Wherever the word "Mountain" shows up in the data, report the line it sits in.

**** Source data ****

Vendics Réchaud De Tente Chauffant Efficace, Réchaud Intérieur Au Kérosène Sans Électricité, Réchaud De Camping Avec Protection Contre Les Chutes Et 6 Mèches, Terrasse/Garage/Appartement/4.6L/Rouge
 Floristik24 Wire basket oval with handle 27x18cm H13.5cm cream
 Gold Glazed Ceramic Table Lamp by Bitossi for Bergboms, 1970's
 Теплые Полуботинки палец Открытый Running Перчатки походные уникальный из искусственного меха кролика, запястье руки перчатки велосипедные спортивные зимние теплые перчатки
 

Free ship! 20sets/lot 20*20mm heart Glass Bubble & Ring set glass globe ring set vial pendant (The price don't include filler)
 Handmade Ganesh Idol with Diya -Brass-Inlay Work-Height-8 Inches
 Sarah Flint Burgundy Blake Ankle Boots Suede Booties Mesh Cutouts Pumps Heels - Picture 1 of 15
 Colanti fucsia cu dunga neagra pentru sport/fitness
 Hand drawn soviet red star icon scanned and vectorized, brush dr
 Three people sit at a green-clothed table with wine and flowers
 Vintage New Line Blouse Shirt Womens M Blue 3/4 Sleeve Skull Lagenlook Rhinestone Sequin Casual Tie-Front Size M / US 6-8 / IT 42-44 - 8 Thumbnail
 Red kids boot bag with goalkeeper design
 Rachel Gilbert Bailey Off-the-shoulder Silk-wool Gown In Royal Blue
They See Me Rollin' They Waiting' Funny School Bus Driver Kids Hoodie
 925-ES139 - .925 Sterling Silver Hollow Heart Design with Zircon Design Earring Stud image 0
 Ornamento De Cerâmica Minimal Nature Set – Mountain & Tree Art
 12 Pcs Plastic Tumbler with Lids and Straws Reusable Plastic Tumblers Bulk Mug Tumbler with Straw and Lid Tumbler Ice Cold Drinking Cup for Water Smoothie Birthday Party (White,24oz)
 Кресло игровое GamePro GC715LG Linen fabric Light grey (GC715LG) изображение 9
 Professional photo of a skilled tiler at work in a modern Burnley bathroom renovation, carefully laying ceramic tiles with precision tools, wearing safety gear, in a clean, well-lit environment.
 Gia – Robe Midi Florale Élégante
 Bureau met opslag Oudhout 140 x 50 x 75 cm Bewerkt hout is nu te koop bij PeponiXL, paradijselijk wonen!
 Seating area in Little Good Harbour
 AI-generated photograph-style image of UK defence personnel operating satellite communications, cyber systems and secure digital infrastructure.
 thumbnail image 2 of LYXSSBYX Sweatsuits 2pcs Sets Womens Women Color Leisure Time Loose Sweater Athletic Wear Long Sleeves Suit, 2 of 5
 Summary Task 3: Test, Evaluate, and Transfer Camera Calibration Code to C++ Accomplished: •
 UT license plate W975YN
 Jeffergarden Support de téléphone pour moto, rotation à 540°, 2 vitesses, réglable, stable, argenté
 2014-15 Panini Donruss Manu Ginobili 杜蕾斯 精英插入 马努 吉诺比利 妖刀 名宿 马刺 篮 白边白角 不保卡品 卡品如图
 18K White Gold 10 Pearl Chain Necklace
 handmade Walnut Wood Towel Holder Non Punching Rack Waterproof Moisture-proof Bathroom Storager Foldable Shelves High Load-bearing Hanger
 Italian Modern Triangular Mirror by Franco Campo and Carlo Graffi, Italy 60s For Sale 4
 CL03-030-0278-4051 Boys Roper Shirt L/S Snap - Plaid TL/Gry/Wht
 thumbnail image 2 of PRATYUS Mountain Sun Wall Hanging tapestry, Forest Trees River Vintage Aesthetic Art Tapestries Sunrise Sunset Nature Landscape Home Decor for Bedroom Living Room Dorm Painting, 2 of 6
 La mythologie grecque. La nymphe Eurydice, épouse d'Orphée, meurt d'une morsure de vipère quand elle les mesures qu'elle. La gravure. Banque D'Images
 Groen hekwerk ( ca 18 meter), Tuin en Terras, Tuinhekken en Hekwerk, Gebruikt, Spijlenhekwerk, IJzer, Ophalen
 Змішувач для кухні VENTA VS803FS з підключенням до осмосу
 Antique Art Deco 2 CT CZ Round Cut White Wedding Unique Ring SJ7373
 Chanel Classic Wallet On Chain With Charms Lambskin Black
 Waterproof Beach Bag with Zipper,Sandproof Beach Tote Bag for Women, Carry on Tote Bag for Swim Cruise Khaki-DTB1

****

**Task answer**
 Ornamento De Cerâmica Minimal Nature Set – Mountain & Tree Art
 thumbnail image 2 of PRATYUS Mountain Sun Wall Hanging tapestry, Forest Trees River Vintage Aesthetic Art Tapestries Sunrise Sunset Nature Landscape Home Decor for Bedroom Living Room Dorm Painting, 2 of 6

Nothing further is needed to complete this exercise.